Since I’m feeling in this Star Wars mood anyway, I want to take this time to tackle the differences between the original Battlefront games and the reboots.  The Star Wars Battlefront franchise was rebooted in 2015 by DICE and Electronic Arts after ten years.  DICE’s reboot of the Star Wars Battlefront franchise was intensely hyped up from the moment it was announced, and I was instantly on-board the bandwagon.  I’m a loyal fan of those games since I was a kid, and I poured an unreal amount of hours into Star Wars Battlefront and Battlefront II.  I desperately wanted the franchise to make a return.  So when I saw the amount of care and dedication was putting into the game to make it a grand Star Wars experience, I figured nothing could go wrong.

I was gullible then.

Battlefront promotional art
Star Wars Battlefront promotional art! (Photo: Playstation Europe via Flickr)

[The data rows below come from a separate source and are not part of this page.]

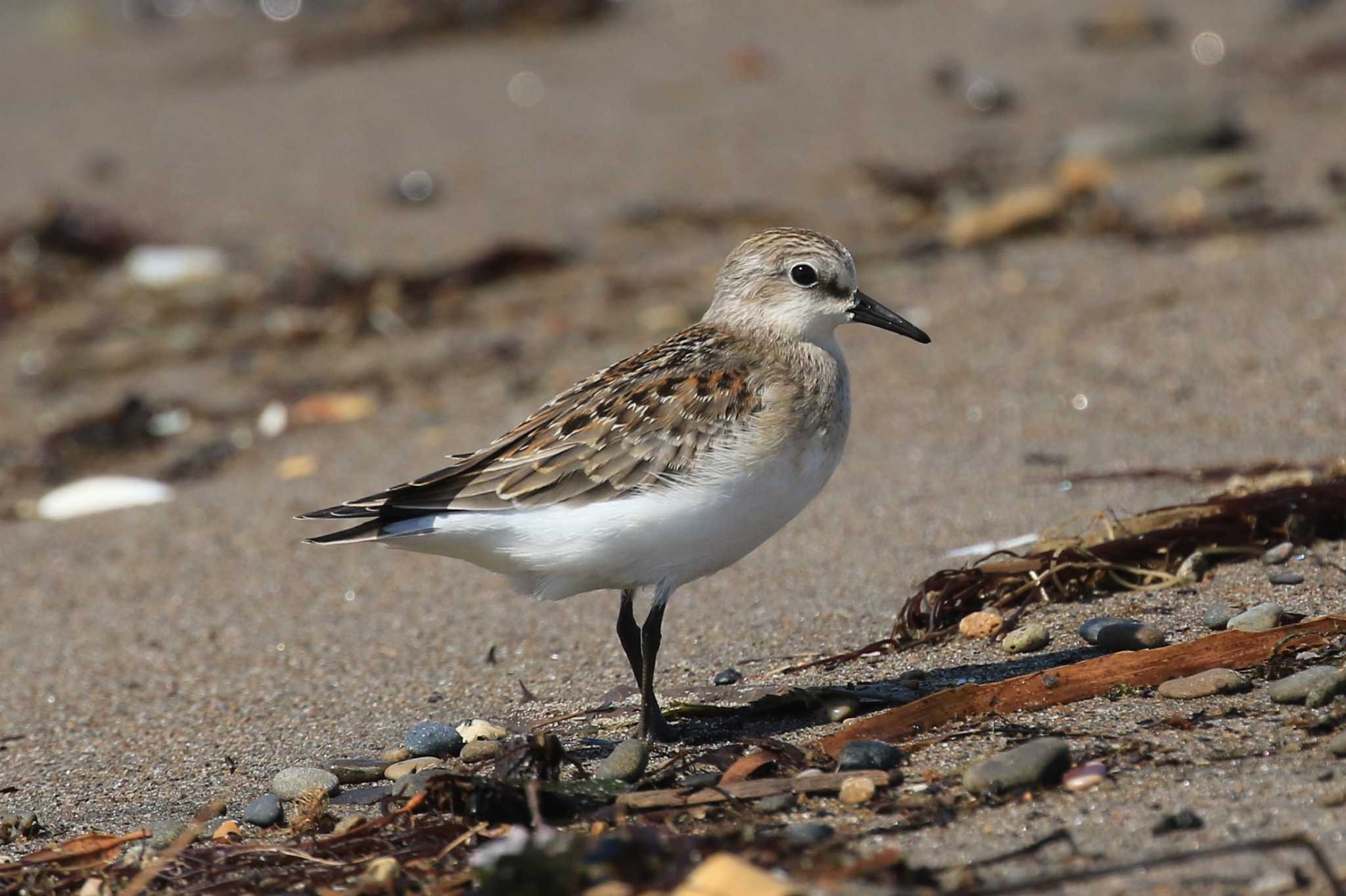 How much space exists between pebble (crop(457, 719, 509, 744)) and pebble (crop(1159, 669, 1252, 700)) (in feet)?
5.27

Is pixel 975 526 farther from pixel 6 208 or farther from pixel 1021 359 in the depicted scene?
pixel 6 208

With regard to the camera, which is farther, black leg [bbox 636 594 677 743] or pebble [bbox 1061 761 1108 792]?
black leg [bbox 636 594 677 743]

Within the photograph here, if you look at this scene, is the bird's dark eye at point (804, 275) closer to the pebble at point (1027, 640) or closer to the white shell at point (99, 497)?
the pebble at point (1027, 640)

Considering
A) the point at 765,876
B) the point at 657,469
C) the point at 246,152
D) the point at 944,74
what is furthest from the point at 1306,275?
the point at 246,152

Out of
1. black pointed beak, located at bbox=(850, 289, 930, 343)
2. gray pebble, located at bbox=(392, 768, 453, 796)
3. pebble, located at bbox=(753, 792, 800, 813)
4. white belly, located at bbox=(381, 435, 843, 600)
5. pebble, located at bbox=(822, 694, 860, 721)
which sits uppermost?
black pointed beak, located at bbox=(850, 289, 930, 343)

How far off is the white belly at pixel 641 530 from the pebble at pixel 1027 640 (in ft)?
2.30

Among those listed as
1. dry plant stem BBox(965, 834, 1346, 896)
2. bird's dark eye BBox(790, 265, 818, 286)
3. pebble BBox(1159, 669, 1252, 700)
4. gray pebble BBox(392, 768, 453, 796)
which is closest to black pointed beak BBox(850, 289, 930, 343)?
bird's dark eye BBox(790, 265, 818, 286)

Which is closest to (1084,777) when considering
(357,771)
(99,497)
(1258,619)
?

The game came out, and the public’s opinion on the game  was highly controversial.  That was honestly predictable, as this game has a mountain of expectations to climb.  Current FPS fans loyal to games like DICE’s own Battlefield would want something familiar.  Battlefront traditionalists from back in the day would crave the classic, more strategic style.  To combine these ideas into a new installment ten years later was a tall order.  But this game could have succeeded.  The elements of success are there, but they’re all out of order.  Speaking as a Battlefront traditionalist, I want to take a good look at what I think EA should’ve done differently and what they should do for a sequel.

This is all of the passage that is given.